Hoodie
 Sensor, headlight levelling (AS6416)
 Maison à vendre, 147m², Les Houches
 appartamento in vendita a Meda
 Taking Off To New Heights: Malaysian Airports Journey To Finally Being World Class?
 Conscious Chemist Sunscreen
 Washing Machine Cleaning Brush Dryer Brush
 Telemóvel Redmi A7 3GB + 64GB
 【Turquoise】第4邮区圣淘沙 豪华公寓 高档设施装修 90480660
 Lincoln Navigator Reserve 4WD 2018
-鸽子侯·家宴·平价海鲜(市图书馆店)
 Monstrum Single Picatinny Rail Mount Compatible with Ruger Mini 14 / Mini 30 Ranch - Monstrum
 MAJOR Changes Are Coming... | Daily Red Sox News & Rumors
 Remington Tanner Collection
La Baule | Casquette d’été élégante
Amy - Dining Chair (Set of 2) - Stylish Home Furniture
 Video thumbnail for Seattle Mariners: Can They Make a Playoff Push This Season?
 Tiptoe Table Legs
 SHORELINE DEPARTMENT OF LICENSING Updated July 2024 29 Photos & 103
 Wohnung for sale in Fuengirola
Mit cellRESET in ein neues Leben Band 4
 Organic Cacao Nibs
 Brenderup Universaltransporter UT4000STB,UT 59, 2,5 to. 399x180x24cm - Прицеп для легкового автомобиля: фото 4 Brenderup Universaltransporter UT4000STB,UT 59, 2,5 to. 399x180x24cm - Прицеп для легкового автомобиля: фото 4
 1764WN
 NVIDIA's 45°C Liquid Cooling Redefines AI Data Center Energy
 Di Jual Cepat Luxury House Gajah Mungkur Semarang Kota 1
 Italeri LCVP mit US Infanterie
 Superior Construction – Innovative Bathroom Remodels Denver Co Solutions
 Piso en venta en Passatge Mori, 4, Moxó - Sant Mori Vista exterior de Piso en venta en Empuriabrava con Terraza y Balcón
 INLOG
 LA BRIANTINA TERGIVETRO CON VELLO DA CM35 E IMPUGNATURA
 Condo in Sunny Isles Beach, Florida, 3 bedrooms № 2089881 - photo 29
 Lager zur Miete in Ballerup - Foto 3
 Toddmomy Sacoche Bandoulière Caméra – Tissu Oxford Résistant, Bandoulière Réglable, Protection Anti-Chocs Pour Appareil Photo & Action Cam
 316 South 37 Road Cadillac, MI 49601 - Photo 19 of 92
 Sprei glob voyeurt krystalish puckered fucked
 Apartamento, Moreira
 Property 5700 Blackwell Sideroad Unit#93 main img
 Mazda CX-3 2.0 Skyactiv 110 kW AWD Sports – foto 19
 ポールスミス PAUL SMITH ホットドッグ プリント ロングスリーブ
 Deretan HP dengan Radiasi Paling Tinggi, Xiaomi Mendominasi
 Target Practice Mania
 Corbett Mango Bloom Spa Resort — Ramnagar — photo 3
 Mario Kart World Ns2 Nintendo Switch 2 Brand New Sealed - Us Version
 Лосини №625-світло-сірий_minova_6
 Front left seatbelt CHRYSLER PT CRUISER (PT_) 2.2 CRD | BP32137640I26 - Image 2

··········

What needs to be done
Going back over the entries above, copy word for word every line from the one that has "Amy - Dining" on through the one that has "Lager zur Miete in Ballerup - Foto 3".

Solution to this task
Amy - Dining Chair (Set of 2) - Stylish Home Furniture
 Video thumbnail for Seattle Mariners: Can They Make a Playoff Push This Season?
 Tiptoe Table Legs
 SHORELINE DEPARTMENT OF LICENSING Updated July 2024 29 Photos & 103
 Wohnung for sale in Fuengirola
Mit cellRESET in ein neues Leben Band 4
 Organic Cacao Nibs
 Brenderup Universaltransporter UT4000STB,UT 59, 2,5 to. 399x180x24cm - Прицеп для легкового автомобиля: фото 4 Brenderup Universaltransporter UT4000STB,UT 59, 2,5 to. 399x180x24cm - Прицеп для легкового автомобиля: фото 4
 1764WN
 NVIDIA's 45°C Liquid Cooling Redefines AI Data Center Energy
 Di Jual Cepat Luxury House Gajah Mungkur Semarang Kota 1
 Italeri LCVP mit US Infanterie
 Superior Construction – Innovative Bathroom Remodels Denver Co Solutions
 Piso en venta en Passatge Mori, 4, Moxó - Sant Mori Vista exterior de Piso en venta en Empuriabrava con Terraza y Balcón
 INLOG
 LA BRIANTINA TERGIVETRO CON VELLO DA CM35 E IMPUGNATURA
 Condo in Sunny Isles Beach, Florida, 3 bedrooms № 2089881 - photo 29
 Lager zur Miete in Ballerup - Foto 3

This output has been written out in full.